By now, seven modules have been included in the package. These modules correspond to the SPSS functions as follows:
Module | Class or function | Corresponding SPSS function | Description |
---|---|---|---|
descriptive_statistics | NominalStatistics | Analyze -> Descriptive statistics -> Frequencies, Descriptives, Explore | Descriptive statistics relevant for nominal variables |
descriptive_statistics | OrdinalStatistics | Analyze -> Descriptive statistics -> Frequencies, Descriptives, Explore | Descriptive statistics relevant for ordinal variables |
descriptive_statistics | ScaleStatistics | Analyze -> Descriptive statistics -> Frequencies, Descriptives, Explore | Descriptive statistics relevant for scale (interval) variables |
bivariate_association | Crosstab | Analyze -> Descriptive statistics -> Crosstabs | Analysis of contingency tables |
bivariate_association | Correlation | Analyze -> Correlate -> Bivariate | Correlation coefficients |
comparison_of_central_tendency | ANOVA | Analyze -> Compare means -> One-Way ANOVA | Analysis of variance |
clustering | KMeans | Analyze -> Classify -> K-Means Cluster | Cluster analysis with k-means algorithm |
dimension_reduction | CA | Analyze -> Dimension Reduction -> Correspondence Analysis | Correspondence analysis |
dimension_reduction | PCA | Analyze -> Dimension Reduction -> Factor (extraction method: principal components) | Principal component analysis |
regression | LinearRegression | Analyze -> Regression -> Linear | OLS regression |
regression | BinaryLogisticRegression | Analyze -> Regression -> Binary Logistic | Binary logistic regression |
tree | CHAIDRegressor, CHAIDClassifier | Analyze -> Classify -> Tree -> CHAID | CHAID decision tree for scale and categorical dependent variables, respectively |
Although randan
is built to be similar to SPSS, it reproduces the fit-predict and fit-transform approach, which is now being used in the most popular machine learning python packages. This approach means that you should, firstly, initialize your model and then, secondly, fit it to your data (i.e., use the fit
function) if necessary.
- If the method you use belongs to the unsupervised methods (i.e., you do not have a dependent variable in your data), you can then use
transform
function to get values of the obtained, hidden, dependent variable such as cluster membership, factor scores etc.- If the method you use belongs to the supervised methods (i.e., you have a dependent variable in your data), you can then use
predict
function to get values of the given dependent variable.- If the method does not assume to estimate new values for your data (such methods are crosstabs, t-tests etc.), then it does not require to use
fit
andtransform
/predict
functions.
If you want to see the full list of the availiable functions associated with some class, please visit our documentation page or literally ask for help:
from randan.bivariate_association import Crosstab
help(Crosstab)
This module aggregates methods devoted to searching for statistical relationships between two variables. These methods do not require to use fit
function, i.e. you only need to call the necessary class:
from randan.bivariate_association import Crosstab
# with this code, you will immediately see the results
ctab = Crosstab(data, row='genre', column='age_ord')

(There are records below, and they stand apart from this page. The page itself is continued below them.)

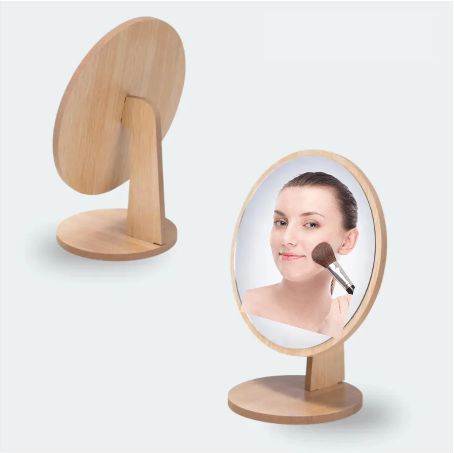 Espelho de mesa destacando a textura natural da madeira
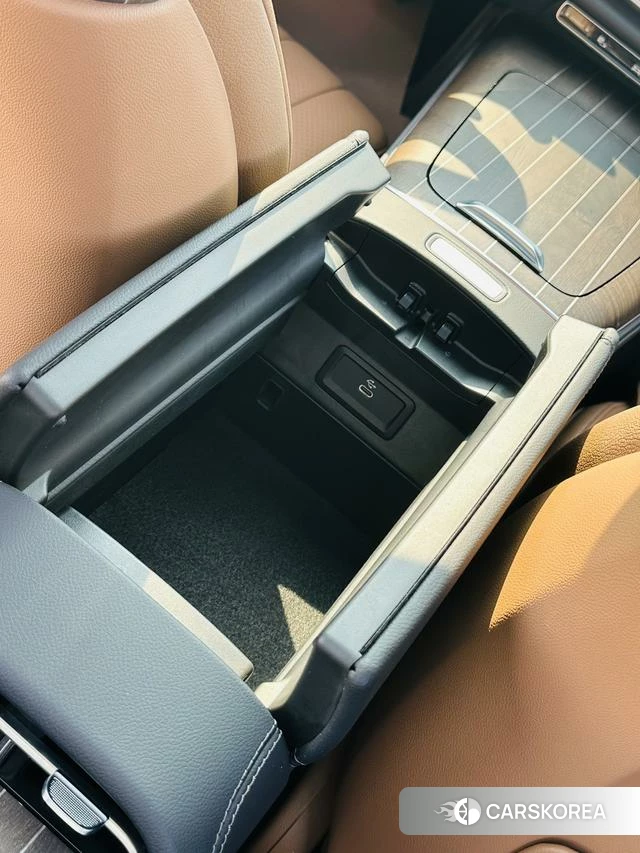Mercedes-Benz E-class 2024 Черный из Китая, фото 5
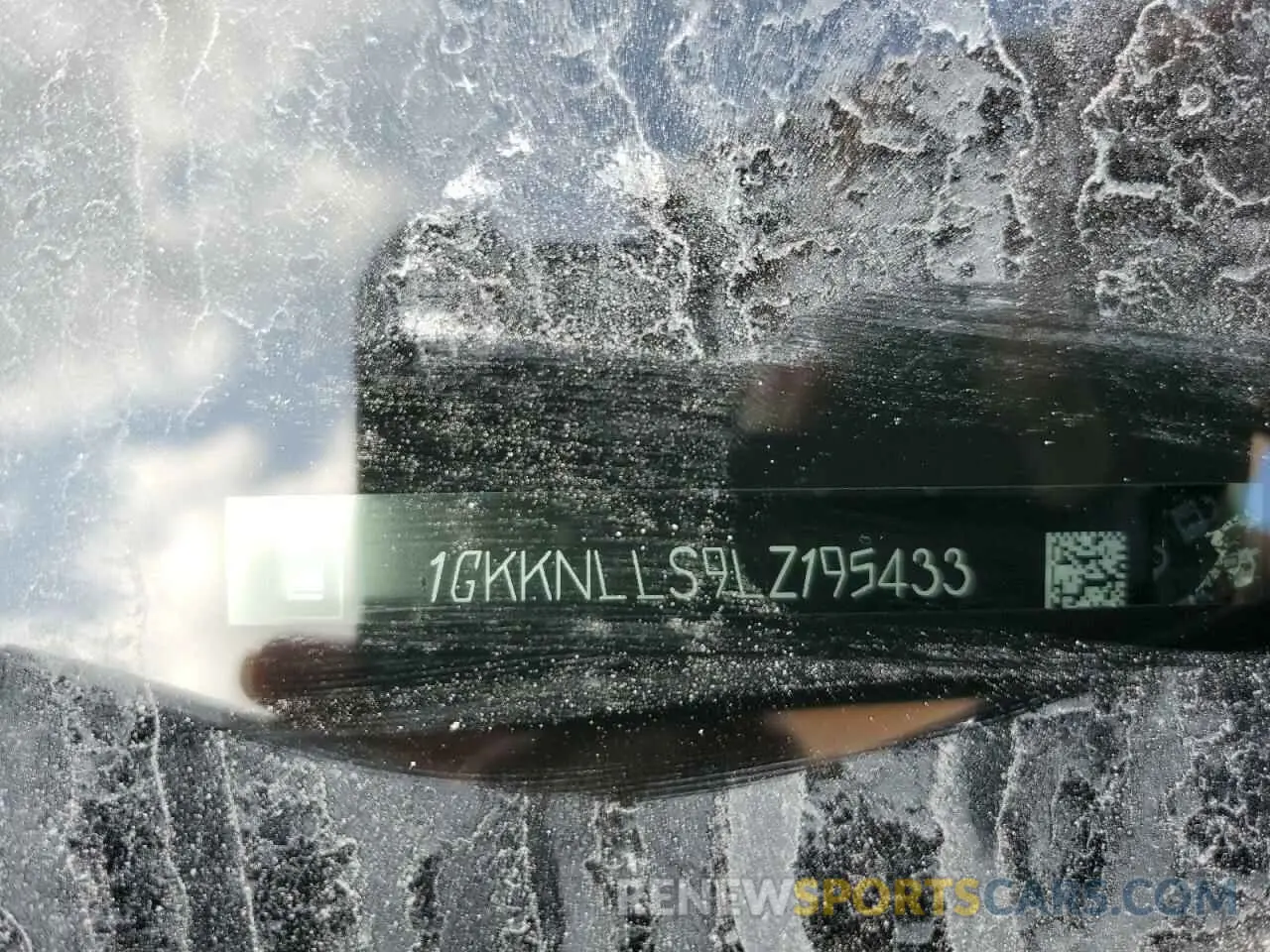 13 Photograph of a damaged car 1GKKNLLS9LZ195433 GMC ACADIA 2020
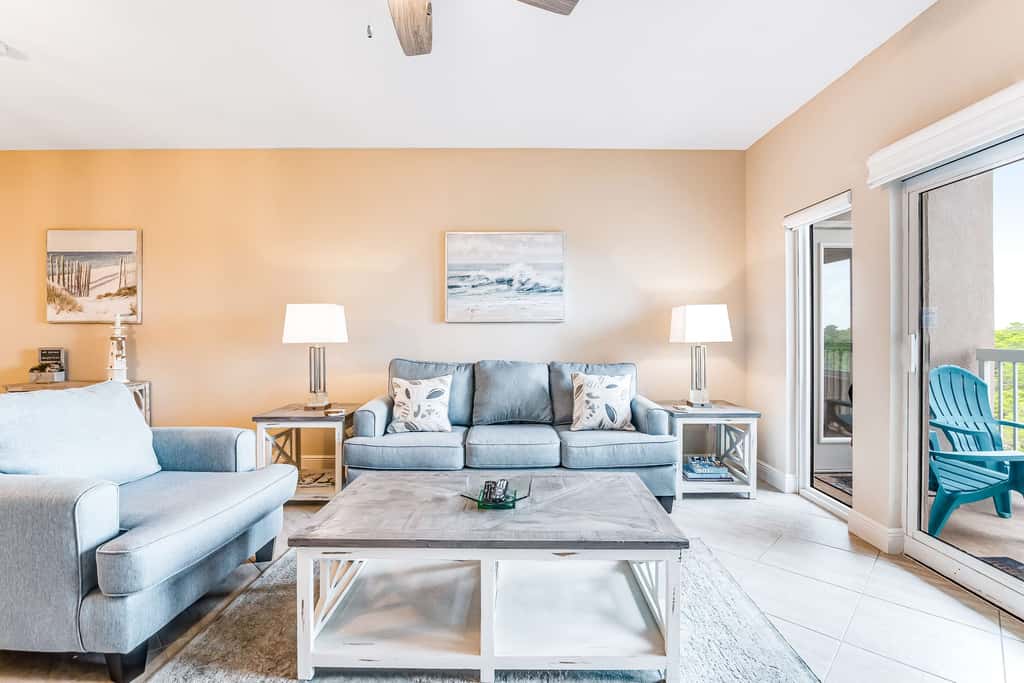 Exclusive Gulf-view condo with balcony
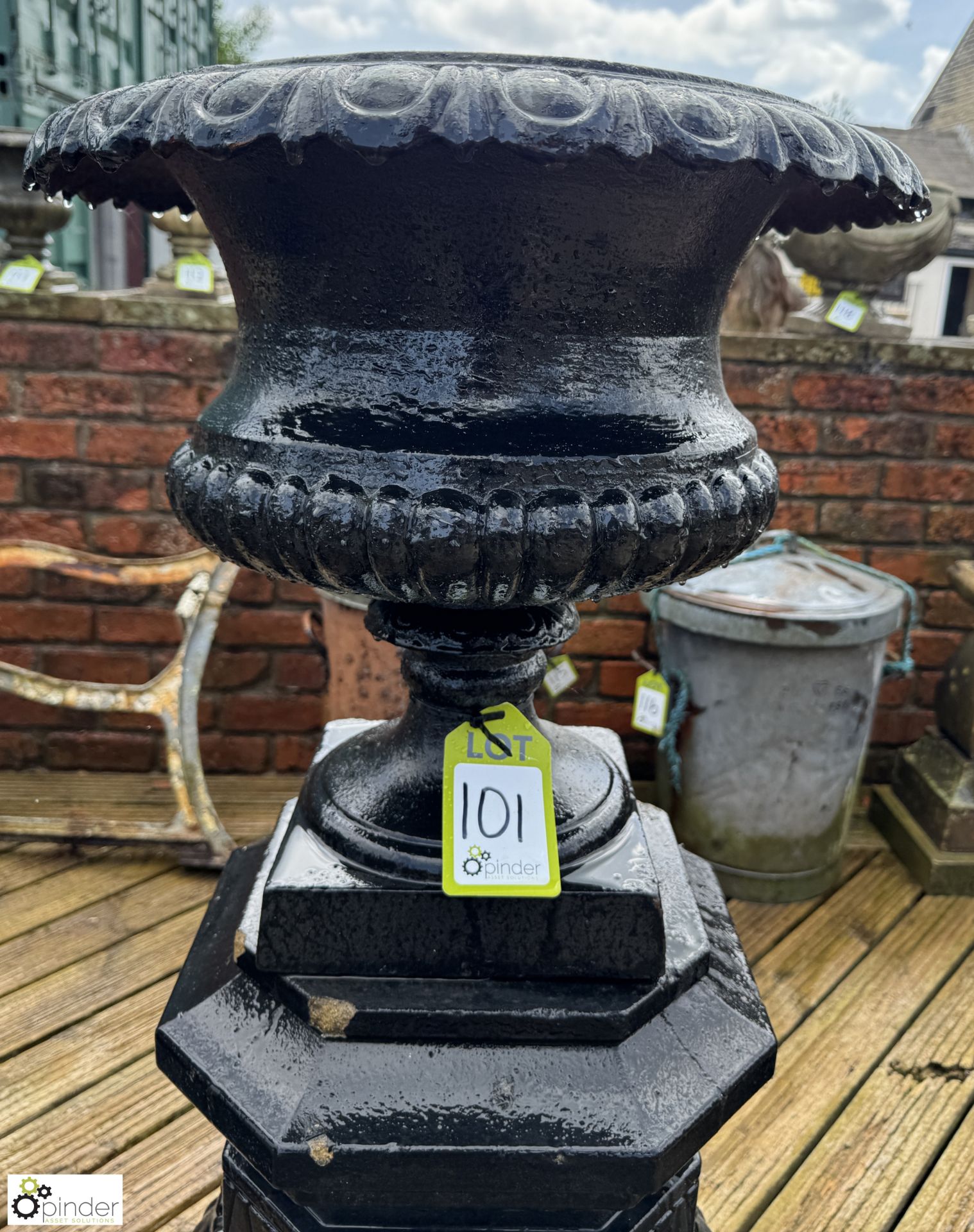 A pair cast iron Garden Urns, with egg and dart gadrooning decoration, on reconstituted stone - Image 8 of 10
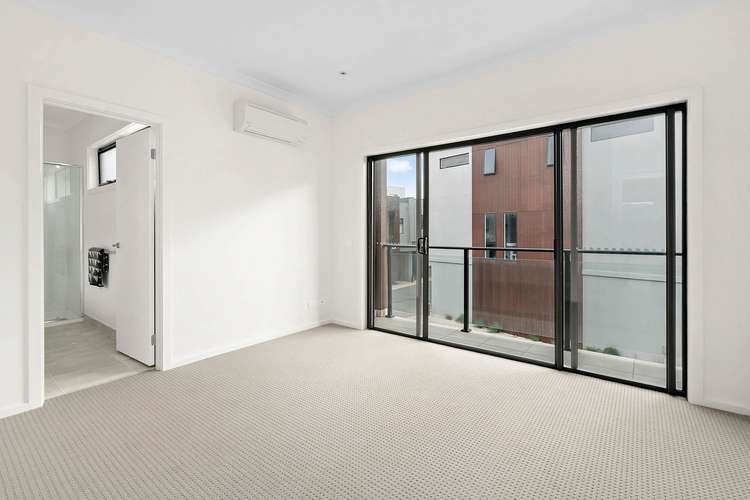 Fourth view of Homely townhouse listing, 9 Bow Street, Mornington VIC 3931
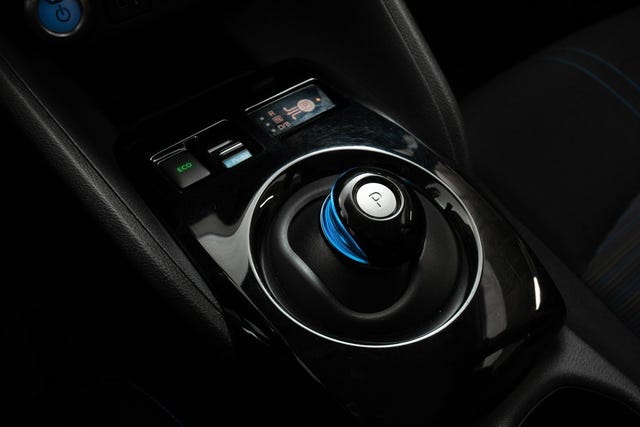 2021 NISSAN LEAF - 15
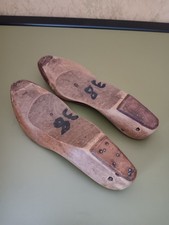 1 Paar sehr alte Schuhleisten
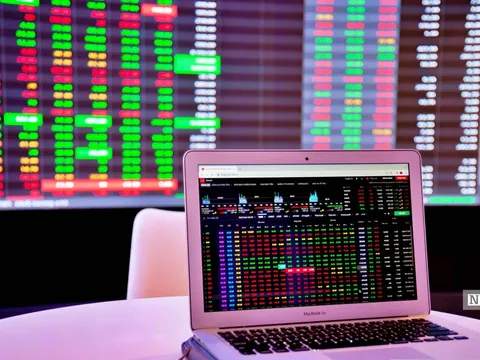 Lăng kính chứng khoán 25/9: Kiểm tra lại vùng tranh chấp 1.280 – 1.290 điểm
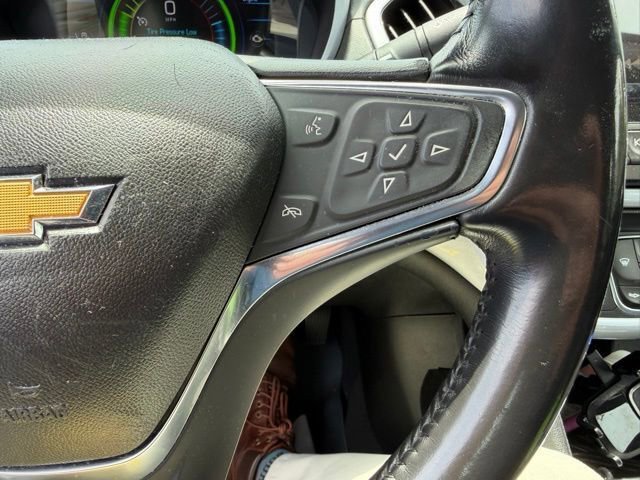 Used 2018 Chevrolet Volt LT w/ Comfort Package FWD image 11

# however, if you want to somehow use separate statistics, you can call them this way
print(ctab.chi_square, ctab.pvalue, ctab.n_cells)
This module contains both parametric and non-parametric methods for comparison of central tendency statistics. These methods do not require to use fit
function, i.e. you only need to call the necessary class:
from randan.comparison_of_central_tendency import ANOVA
# with this code, you will immediately see the results
anv = ANOVA(data, dependent_variables='kinopoisk_rate', independent_variable='genre')
# however, if you want to somehow use separate statistics, you can call them this way
print(anv.F, anv.pvalue, anv.SSt)
This module includes two main clustering methods: k-means and hierarchical (agglomerative) clustering.
Clustering methods belong to unsupervised learning, which means you should use the fit
function after calling the appropriate class, and then, if necessary, the transform
function to acquire cluster membership (and / or distances to each center in case of k-means).
from randan.clustering import KMeans
# with this code, you will immediately see the results, including visualization of clusters
km = KMeans(2).fit(data, ['year', 'time', 'kinopoisk_rate_count'])
# this is how you can predict the cluster membership,
# and the distances from each observation to each cluster's center
clusters = km.transform(distance_to_centers=True)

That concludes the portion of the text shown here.